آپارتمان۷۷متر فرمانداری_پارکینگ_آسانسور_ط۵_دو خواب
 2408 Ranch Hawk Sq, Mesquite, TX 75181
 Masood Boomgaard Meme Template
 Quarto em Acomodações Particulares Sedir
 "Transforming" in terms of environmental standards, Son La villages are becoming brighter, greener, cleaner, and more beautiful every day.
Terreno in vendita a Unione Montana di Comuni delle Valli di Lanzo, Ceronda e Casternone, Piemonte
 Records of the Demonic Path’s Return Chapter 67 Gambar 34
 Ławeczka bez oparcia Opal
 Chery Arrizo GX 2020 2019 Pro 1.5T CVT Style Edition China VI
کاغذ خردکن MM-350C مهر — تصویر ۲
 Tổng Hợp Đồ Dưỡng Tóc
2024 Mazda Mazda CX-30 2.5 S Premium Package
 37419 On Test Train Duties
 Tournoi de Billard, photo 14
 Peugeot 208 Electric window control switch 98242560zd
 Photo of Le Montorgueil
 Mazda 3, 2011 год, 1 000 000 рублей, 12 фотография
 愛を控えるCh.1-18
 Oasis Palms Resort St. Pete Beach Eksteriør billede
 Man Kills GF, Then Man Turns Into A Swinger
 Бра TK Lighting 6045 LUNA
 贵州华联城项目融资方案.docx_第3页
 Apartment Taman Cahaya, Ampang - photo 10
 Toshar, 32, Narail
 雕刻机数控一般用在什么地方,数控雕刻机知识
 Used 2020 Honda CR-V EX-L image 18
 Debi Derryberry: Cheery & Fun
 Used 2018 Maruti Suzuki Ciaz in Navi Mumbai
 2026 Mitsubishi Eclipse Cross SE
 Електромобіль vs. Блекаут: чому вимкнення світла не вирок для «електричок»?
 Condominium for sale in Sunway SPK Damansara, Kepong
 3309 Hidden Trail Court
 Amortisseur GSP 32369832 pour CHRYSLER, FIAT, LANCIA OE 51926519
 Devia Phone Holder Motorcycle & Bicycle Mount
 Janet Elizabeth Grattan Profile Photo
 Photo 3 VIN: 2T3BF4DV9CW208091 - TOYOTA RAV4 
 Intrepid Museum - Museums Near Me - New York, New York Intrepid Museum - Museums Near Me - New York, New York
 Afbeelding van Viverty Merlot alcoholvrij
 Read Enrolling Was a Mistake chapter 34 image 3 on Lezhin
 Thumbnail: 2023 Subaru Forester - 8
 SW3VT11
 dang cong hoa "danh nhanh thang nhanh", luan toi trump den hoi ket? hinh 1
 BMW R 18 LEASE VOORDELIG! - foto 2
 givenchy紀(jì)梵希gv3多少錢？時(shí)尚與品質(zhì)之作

YOUR OBJECTIVE | Return every line from the entries above that contains the word "image".

TASK RESPONSE |
 Used 2020 Honda CR-V EX-L image 18
 Read Enrolling Was a Mistake chapter 34 image 3 on Lezhin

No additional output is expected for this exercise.